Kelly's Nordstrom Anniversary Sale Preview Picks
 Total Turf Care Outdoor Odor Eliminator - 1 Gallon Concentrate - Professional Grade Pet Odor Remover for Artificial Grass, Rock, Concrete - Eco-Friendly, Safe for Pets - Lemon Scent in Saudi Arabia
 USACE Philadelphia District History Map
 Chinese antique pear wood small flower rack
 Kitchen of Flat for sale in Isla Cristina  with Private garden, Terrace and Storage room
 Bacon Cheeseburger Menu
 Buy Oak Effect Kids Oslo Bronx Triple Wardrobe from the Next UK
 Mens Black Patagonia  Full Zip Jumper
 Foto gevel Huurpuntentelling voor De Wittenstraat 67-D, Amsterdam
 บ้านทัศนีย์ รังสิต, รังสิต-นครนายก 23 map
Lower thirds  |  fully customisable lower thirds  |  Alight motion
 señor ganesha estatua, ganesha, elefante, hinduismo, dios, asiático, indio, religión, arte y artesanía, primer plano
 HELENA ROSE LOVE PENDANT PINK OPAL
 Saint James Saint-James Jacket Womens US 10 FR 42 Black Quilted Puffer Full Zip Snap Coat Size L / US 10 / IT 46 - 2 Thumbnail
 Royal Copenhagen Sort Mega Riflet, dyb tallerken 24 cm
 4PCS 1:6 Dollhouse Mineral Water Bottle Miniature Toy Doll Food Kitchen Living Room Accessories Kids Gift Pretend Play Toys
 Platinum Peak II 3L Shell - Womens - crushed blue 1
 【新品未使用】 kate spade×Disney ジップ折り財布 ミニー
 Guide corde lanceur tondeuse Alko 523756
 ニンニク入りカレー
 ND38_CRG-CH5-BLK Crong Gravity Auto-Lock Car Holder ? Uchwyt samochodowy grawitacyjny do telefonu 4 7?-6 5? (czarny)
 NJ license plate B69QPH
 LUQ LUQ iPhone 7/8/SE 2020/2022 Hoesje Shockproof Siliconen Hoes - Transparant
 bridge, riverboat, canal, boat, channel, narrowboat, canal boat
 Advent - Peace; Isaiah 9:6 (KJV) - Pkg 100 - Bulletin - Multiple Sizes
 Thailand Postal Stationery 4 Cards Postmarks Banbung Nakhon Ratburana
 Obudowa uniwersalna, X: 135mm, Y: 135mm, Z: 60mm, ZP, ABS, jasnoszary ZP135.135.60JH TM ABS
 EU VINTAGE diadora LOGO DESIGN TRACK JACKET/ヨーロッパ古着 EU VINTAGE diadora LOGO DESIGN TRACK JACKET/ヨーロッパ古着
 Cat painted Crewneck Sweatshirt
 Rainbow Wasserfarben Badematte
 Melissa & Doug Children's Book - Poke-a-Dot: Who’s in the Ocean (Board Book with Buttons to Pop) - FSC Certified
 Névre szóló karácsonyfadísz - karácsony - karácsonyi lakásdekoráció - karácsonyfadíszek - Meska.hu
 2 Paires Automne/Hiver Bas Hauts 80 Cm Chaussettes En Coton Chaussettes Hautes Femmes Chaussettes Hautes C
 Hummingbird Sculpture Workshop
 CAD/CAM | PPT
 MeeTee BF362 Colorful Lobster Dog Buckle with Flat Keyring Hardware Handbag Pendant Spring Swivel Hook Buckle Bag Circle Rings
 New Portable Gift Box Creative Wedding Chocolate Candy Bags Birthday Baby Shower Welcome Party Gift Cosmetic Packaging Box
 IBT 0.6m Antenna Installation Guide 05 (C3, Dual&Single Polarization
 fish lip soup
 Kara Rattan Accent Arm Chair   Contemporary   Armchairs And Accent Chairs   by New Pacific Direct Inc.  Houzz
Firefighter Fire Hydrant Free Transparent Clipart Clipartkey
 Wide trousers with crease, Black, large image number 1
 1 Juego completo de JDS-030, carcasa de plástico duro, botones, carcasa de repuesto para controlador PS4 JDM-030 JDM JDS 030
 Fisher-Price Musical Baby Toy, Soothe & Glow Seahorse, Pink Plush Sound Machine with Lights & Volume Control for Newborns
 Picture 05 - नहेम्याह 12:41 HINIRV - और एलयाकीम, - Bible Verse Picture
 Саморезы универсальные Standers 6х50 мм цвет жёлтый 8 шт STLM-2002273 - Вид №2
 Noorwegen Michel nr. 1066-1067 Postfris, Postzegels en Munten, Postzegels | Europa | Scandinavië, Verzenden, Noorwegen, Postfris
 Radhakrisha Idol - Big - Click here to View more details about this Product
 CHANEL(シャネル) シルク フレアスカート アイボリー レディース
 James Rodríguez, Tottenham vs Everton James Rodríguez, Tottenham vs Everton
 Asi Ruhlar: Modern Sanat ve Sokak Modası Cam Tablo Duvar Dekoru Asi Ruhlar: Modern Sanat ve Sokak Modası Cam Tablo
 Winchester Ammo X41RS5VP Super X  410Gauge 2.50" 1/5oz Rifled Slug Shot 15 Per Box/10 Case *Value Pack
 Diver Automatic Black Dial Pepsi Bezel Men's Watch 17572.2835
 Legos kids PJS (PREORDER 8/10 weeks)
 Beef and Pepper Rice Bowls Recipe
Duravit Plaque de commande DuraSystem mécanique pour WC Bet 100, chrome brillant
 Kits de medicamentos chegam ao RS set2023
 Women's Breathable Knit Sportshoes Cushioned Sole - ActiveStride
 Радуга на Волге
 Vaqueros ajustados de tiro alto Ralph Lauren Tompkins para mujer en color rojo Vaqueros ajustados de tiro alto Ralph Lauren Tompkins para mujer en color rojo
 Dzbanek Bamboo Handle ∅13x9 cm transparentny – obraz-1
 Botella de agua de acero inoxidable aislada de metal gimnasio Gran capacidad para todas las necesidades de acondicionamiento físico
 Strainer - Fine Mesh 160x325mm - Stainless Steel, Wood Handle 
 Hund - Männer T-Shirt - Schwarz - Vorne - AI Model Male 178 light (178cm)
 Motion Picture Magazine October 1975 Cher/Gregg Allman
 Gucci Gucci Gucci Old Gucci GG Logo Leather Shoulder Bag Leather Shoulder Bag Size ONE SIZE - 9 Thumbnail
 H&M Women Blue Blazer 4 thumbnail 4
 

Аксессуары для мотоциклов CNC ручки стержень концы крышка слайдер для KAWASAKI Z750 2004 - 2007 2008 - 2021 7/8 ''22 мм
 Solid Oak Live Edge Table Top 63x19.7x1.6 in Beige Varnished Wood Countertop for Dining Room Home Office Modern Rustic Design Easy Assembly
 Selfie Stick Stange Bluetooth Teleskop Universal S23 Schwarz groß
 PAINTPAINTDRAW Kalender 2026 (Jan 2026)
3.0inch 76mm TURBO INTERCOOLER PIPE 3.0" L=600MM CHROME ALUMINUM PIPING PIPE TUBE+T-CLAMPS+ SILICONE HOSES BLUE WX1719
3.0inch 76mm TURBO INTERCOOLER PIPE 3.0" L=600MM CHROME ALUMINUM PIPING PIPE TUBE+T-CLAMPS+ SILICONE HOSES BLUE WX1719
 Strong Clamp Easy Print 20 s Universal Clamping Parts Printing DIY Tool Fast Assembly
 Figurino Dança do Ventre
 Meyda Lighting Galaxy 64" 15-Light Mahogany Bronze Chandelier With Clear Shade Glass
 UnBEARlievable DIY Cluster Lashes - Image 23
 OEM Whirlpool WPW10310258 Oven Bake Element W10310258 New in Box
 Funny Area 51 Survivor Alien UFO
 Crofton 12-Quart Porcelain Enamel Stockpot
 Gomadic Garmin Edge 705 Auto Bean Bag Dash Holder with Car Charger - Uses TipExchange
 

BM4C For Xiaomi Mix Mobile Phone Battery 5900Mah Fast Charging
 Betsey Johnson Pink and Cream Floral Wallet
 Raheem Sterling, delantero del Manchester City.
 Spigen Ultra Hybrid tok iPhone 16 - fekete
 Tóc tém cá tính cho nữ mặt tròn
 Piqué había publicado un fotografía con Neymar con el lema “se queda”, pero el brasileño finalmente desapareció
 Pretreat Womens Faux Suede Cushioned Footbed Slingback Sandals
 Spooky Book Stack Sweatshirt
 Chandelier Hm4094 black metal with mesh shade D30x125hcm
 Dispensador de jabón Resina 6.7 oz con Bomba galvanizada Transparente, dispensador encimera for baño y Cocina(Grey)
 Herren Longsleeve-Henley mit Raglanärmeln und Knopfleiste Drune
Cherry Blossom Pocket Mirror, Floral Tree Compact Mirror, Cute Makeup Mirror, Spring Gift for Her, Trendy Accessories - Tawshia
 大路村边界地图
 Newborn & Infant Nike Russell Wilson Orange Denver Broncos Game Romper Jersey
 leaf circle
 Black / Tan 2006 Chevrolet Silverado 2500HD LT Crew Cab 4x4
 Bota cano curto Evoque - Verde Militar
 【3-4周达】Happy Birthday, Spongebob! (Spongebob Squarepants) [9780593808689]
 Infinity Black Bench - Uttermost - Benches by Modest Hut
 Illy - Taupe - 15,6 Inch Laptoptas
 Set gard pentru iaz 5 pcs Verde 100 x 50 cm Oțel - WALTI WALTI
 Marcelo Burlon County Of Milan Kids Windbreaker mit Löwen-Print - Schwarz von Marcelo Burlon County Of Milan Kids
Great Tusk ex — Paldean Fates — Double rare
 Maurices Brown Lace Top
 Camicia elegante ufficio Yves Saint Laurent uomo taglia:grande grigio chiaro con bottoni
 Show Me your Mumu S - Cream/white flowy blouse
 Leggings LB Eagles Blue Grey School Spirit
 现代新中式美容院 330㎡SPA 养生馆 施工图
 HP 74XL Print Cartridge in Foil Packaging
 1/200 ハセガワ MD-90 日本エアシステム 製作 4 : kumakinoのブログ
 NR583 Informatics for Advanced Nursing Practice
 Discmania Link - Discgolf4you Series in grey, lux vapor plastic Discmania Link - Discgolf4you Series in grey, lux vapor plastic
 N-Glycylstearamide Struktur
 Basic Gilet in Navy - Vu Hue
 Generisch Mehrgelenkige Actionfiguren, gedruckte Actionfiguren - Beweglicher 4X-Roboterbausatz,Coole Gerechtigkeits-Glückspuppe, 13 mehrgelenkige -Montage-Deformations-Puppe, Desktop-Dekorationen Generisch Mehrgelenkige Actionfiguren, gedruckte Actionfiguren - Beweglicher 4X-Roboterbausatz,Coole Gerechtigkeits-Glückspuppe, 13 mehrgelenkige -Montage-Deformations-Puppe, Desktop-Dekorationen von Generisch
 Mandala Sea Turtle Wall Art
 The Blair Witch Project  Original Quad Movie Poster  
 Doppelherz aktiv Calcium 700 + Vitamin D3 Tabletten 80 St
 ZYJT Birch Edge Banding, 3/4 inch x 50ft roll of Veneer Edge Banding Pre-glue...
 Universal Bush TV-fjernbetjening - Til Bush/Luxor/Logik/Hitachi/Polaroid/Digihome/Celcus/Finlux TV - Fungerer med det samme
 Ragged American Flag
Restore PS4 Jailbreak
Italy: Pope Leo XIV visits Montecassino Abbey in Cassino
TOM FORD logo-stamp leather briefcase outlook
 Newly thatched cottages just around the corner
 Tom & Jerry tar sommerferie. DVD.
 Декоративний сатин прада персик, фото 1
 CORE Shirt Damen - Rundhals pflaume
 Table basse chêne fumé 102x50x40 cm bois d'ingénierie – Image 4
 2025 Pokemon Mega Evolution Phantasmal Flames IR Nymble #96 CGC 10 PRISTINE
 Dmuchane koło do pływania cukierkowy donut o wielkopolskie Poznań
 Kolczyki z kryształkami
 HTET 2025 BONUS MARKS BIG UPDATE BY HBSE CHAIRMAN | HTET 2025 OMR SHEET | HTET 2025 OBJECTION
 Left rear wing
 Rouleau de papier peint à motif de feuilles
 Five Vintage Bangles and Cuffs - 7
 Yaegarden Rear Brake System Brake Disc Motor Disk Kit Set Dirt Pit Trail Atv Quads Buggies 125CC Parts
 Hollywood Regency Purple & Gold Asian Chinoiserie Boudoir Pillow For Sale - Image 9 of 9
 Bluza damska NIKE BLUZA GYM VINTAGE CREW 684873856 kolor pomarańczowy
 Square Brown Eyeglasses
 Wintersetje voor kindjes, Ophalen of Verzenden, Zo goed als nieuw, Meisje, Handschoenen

> What you are asked to do:
Quote the records from their first line to the line with "Cat painted Crewneck Sweatshirt", inclusive, without adding or dropping anything.

> Your response:
Kelly's Nordstrom Anniversary Sale Preview Picks
 Total Turf Care Outdoor Odor Eliminator - 1 Gallon Concentrate - Professional Grade Pet Odor Remover for Artificial Grass, Rock, Concrete - Eco-Friendly, Safe for Pets - Lemon Scent in Saudi Arabia
 USACE Philadelphia District History Map
 Chinese antique pear wood small flower rack
 Kitchen of Flat for sale in Isla Cristina  with Private garden, Terrace and Storage room
 Bacon Cheeseburger Menu
 Buy Oak Effect Kids Oslo Bronx Triple Wardrobe from the Next UK
 Mens Black Patagonia  Full Zip Jumper
 Foto gevel Huurpuntentelling voor De Wittenstraat 67-D, Amsterdam
 บ้านทัศนีย์ รังสิต, รังสิต-นครนายก 23 map
Lower thirds  |  fully customisable lower thirds  |  Alight motion
 señor ganesha estatua, ganesha, elefante, hinduismo, dios, asiático, indio, religión, arte y artesanía, primer plano
 HELENA ROSE LOVE PENDANT PINK OPAL
 Saint James Saint-James Jacket Womens US 10 FR 42 Black Quilted Puffer Full Zip Snap Coat Size L / US 10 / IT 46 - 2 Thumbnail
 Royal Copenhagen Sort Mega Riflet, dyb tallerken 24 cm
 4PCS 1:6 Dollhouse Mineral Water Bottle Miniature Toy Doll Food Kitchen Living Room Accessories Kids Gift Pretend Play Toys
 Platinum Peak II 3L Shell - Womens - crushed blue 1
 【新品未使用】 kate spade×Disney ジップ折り財布 ミニー
 Guide corde lanceur tondeuse Alko 523756
 ニンニク入りカレー
 ND38_CRG-CH5-BLK Crong Gravity Auto-Lock Car Holder ? Uchwyt samochodowy grawitacyjny do telefonu 4 7?-6 5? (czarny)
 NJ license plate B69QPH
 LUQ LUQ iPhone 7/8/SE 2020/2022 Hoesje Shockproof Siliconen Hoes - Transparant
 bridge, riverboat, canal, boat, channel, narrowboat, canal boat
 Advent - Peace; Isaiah 9:6 (KJV) - Pkg 100 - Bulletin - Multiple Sizes
 Thailand Postal Stationery 4 Cards Postmarks Banbung Nakhon Ratburana
 Obudowa uniwersalna, X: 135mm, Y: 135mm, Z: 60mm, ZP, ABS, jasnoszary ZP135.135.60JH TM ABS
 EU VINTAGE diadora LOGO DESIGN TRACK JACKET/ヨーロッパ古着 EU VINTAGE diadora LOGO DESIGN TRACK JACKET/ヨーロッパ古着
 Cat painted Crewneck Sweatshirt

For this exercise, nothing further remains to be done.